Marlowe does not straightforwardly advocate this worldview; Tamburlaine's relationship with the audience is complex, and he often inspires repugnance and alienation. However, Tamburlaine is not simply an anti-hero whose worldview the audience finds persuasive solely because he is a devilish figure of temptation. Tamburlaine is likely an exhilarating figure, in part, because he represents a passion that the audience is meant to admire. The play challenges the idea that humans are locked into an oppressive moral system and suggests that a new type of humanity is possible, which will break through these boundaries. The Renaissance movement in continental Europe stressed the emergence of a new model for humanity, open to diverse types of knowledge and entirely new ideas, and Tamburlaine was a vital contribution to the development of this ethos in England. Although Marlowe raises the possibility that he has gone too far, Tamburlaine provides a compelling case for a new type of human.
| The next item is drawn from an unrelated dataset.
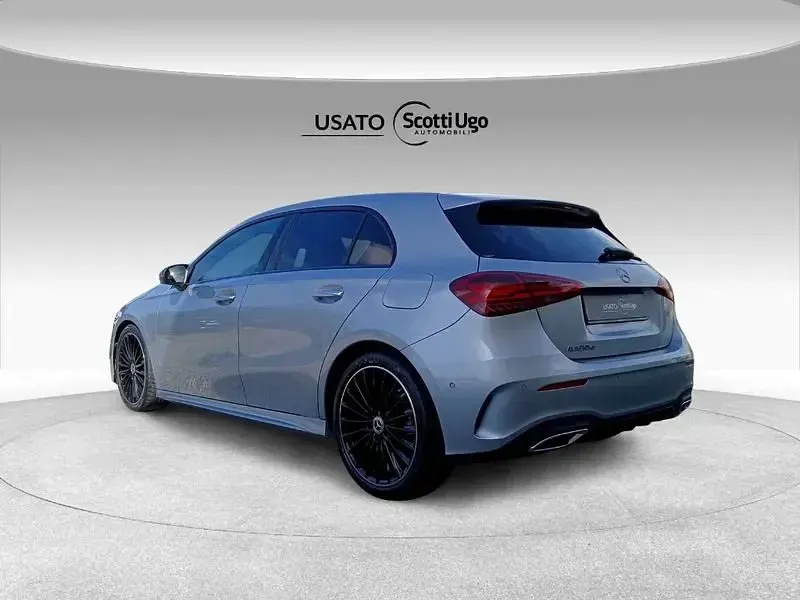 Usata Mercedes A180 116 CV (85 kW) 2024 Argento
One of the play's principle themes is conveyed in its depiction of excessive cruelty and ambition, the characteristics that define its main character and make him controversial. In fact, the theme of power pervades nearly every aspect of the play, from Tamburlaine's conquests, to his role as a father, to his relationship with Zenocrate. Tamburlaine's military brilliance and his ability to carry out such horrendous acts-such as slaughtering the virgins of Damascus and drowning the population of Babylon-are the results of these character traits, as are his eloquence and rhetorical power that convince Theridamas and others to join him. Marlowe's audience could be expected to find such excessive displays of power un-Christian and even repulsive, as well as to find they somewhat captivated by it.
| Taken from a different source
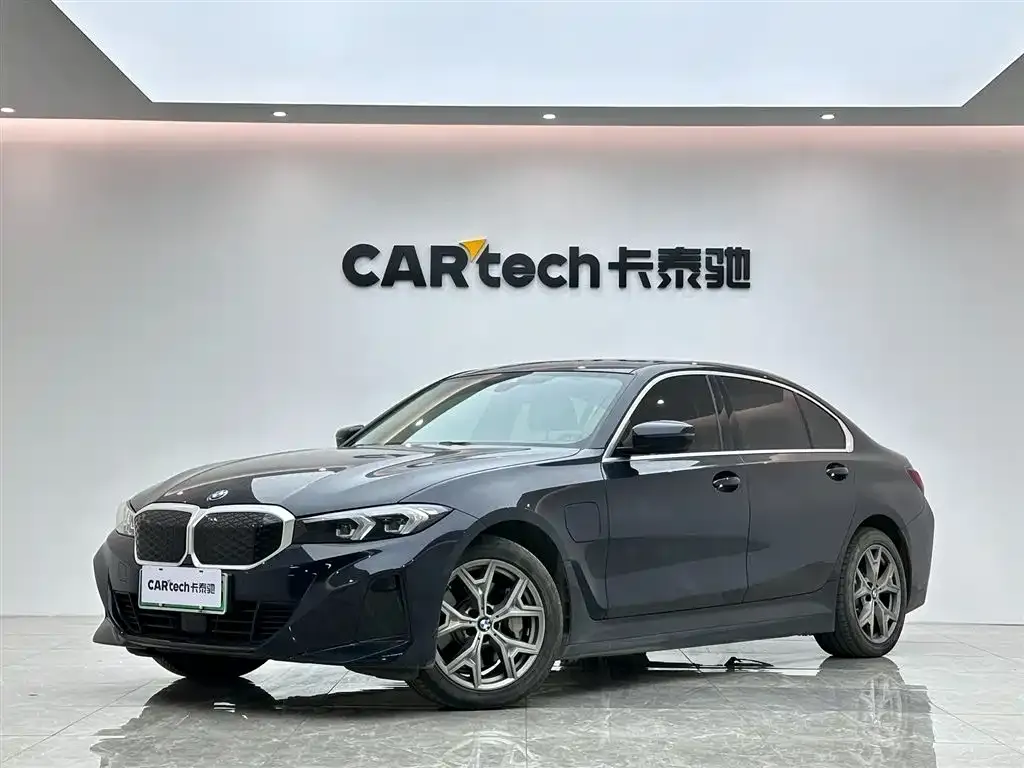 BMW i3 — фото 1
Ambivalent reactions to these themes extend to the other aspects of Tamburlaine's life; the audience is asked to ponder whether the hero's extraordinary passion for his wife is actually romantic love or a form of perverted possession and desire. They must judge whether Tamburlaine is justified in murdering his own son because that son is weak and lazy. Tamburlaine is generally unwilling to place his love above his military ambitions (although he does spare Zenocrate's father). He often seems to perceive Zenocrate as a treasure to be won, such as in his initial declaration of love for her, when he describes her in terms of great wealth and power. Similarly, he views his sons solely in terms of their courage and fortitude, and he has no regrets about stabbing Calyphas because he was too slothful to enter a battle.
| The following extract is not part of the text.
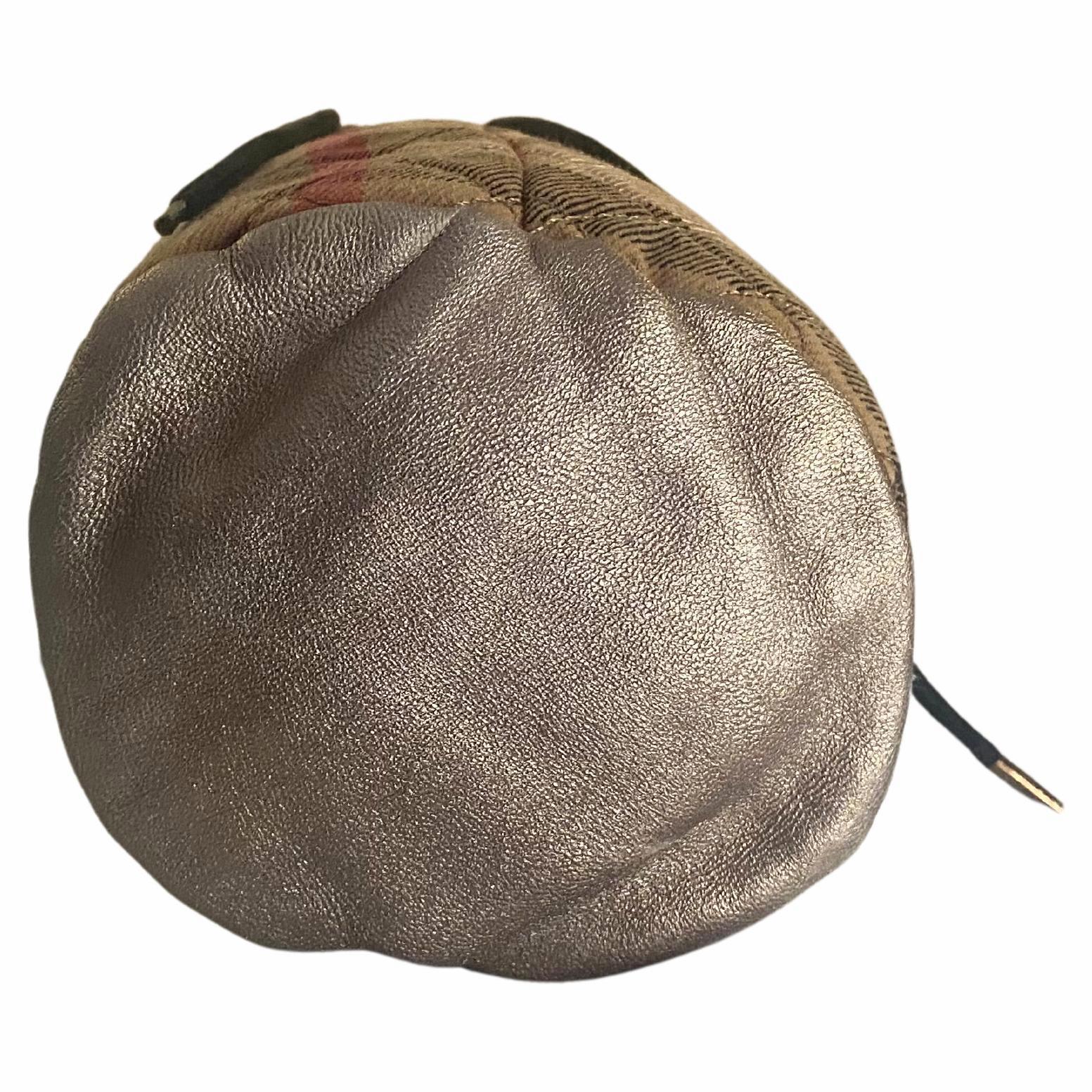 Women's or Men's 2000s Burberry Nova Check Cloth Quilt Pouch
It is possible that Marlowe implies, according to the conventions of a tragedy, that Tamburlaine's downfall occurs because of the excessive appetite for power that is his tragic flaw. If this is the case, Tamburlaine's and Zenocrate's illnesses and deaths could be seen as a punishment from the heavens for Tamburlaine's presumptuousness. This is not necessarily clear, however, since there is no great evidence that the illness involves any divine intervention; in fact, God does not seem to interfere with human affairs in the play. In any case, Marlowe poses provocative questions about the place of power and ambition in society, the desirability of these characteristics in an age of tremendous artistic and scientific advances and the evils that can result from an excessive display of power.